----- EXERCISE DATA

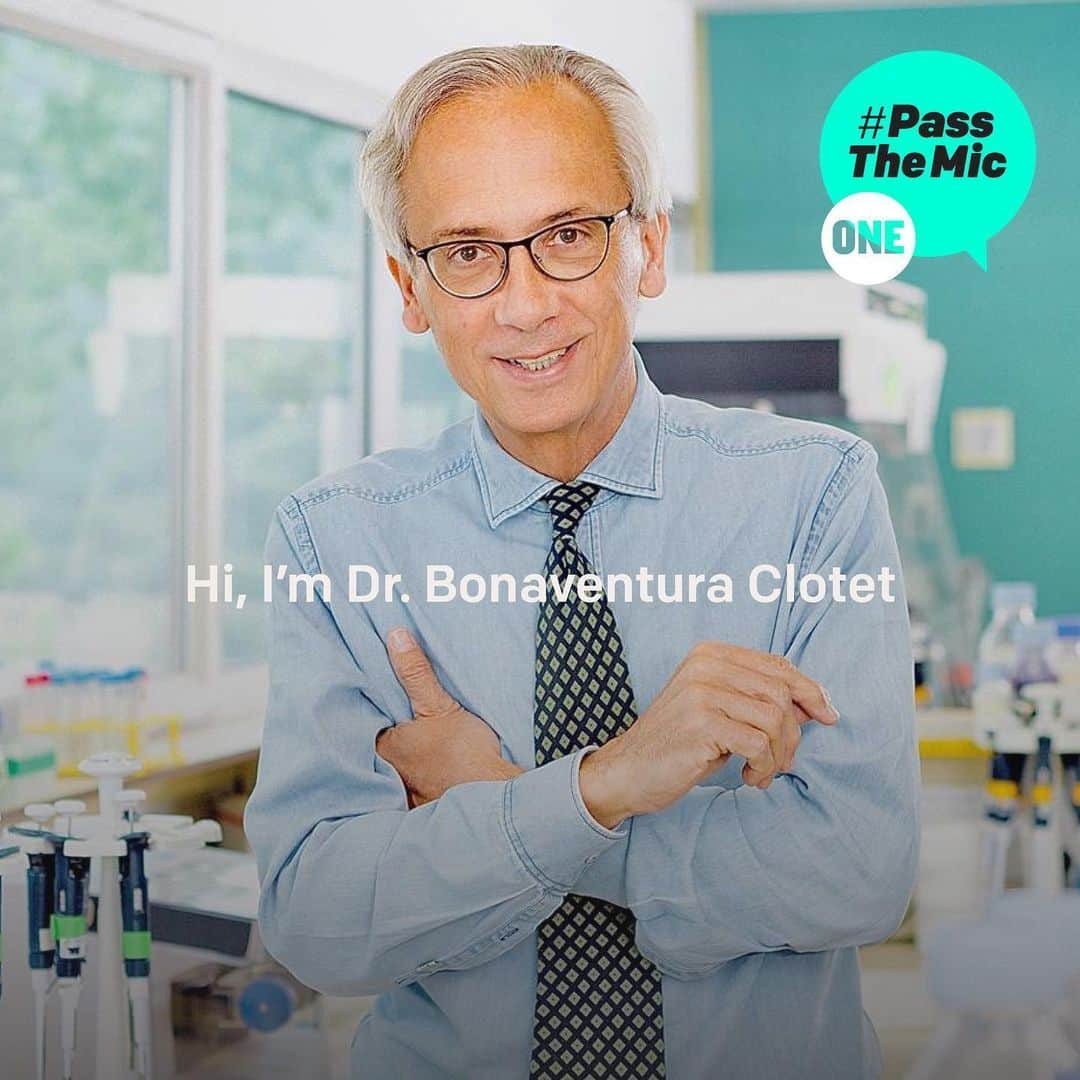 ペネロペ・クルスさんのインスタグラム写真 - (ペネロペ・クルスInstagram)「Thanks Penelope. I’m Dr. Bonaventura Clotet, President of Fight AIDS Foundation & Director of IrsiCaixa Research Institute.  COVID19 is a virus that evolves quickly, which is why it’s so contagious. It’s critical that we set up a vaccine platform that allows us to cover the different Coronaviruses that could come in the future – it’s what we call a “Pan Coronavirus Vaccine,” a vaccine targeting multiple viruses. We’ve been designing HIV vaccines for 30+ years & have generated a platform of vaccines that could be replicated for other viruses like COVID19. Like we’ve done with HIV, the most important thing we can do to fight #COVID19 is speed up research & avoid overlapping studies by joining efforts across research centers all over the globe. The more projects we run & the more we learn about different vaccine designs, the faster we can develop trials & make them available. To be part of a global response demand action @ONE. ++ Gracias Penélope. Soy el Dr. Bonaventura Clotet, y soy el Director y Presidente de la "Fundación Lluita contra la Sida". COVID-19 es un virus que evoluciona rápidamente, por eso es tan contagioso. A medida que avanzamos, es fundamental que creemos una plataforma de vacunas que nos permita cubrir los diferentes Coronavirus que podrían surgir en el futuro - es lo que llamamos "Vacuna contra el Coronavirus Pan", una vacuna dirigida a múltiples virus. Por ejemplo, hemos estado diseñando vacunas contra el VIH (virus de inmunodeficiencia humana) durante más de 30 años, y hemos generado una plataforma de vacunas que podrían ser replicadas para otros virus como el COVID-19. Al igual que hemos hecho con el VIH, lo más importante que podemos hacer para luchar contra #COVID19 es acelerar la investigación y evitar la superposición de estudios, uniendo esfuerzos entre los centros de investigación de todo el mundo. Cuantos más proyectos llevemos a cabo y cuanto más aprendamos sobre los diferentes diseños de vacunas, más rápido podremos desarrollar pruebas y hacerlas disponibles. Para formar parte de una respuesta global coordinada y ayudar a acelerar el desarrollo de las vacunas COVID19, exija que se actúe en @ONE. #PassTheMic #yomecorono 📷 @jordiplay」6月1日 23時47分 - penelopecruzoficial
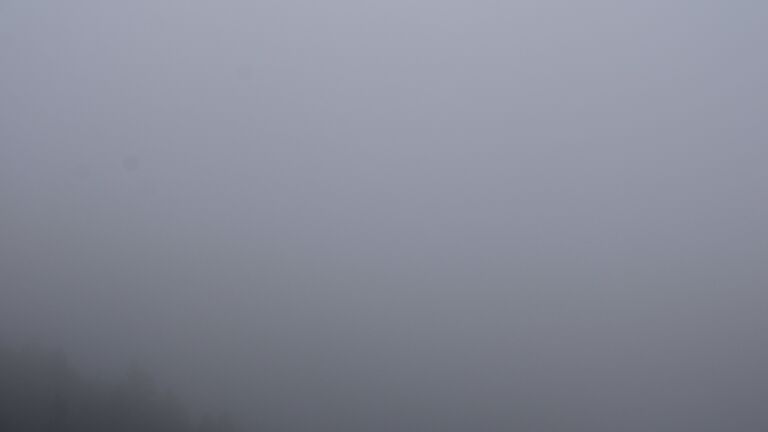 Dieses Bild zeigt eine Webcam-Aufnahme vom Achertal, aufgenommen am Donnerstag, den 09.10.2025 um 09:20 Uhr. Die Temperatur betrug 7.8°C.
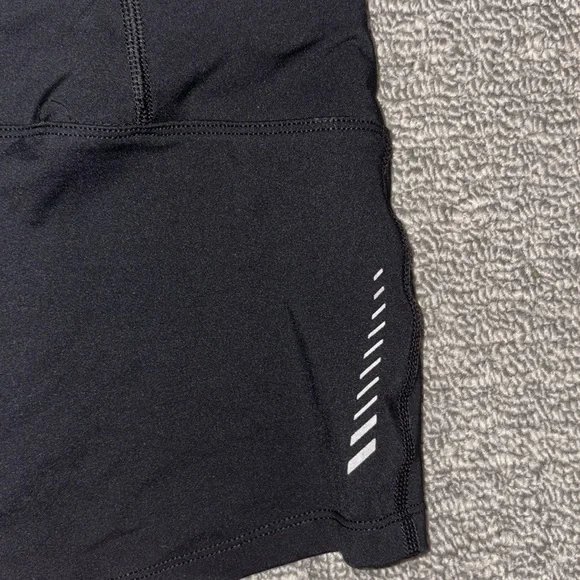 Virus Data Tech Shorts - Picture 6 of 8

----------

**WHAT THIS TASK INVOLVES:** The expected output is an exact retyping of the lines from the line with "Dieses Bild zeigt" through the last line of the data, with both ends kept and the pictures dropped.

**EXERCISE OUTPUT:**
 Dieses Bild zeigt eine Webcam-Aufnahme vom Achertal, aufgenommen am Donnerstag, den 09.10.2025 um 09:20 Uhr. Die Temperatur betrug 7.8°C.
 Virus Data Tech Shorts - Picture 6 of 8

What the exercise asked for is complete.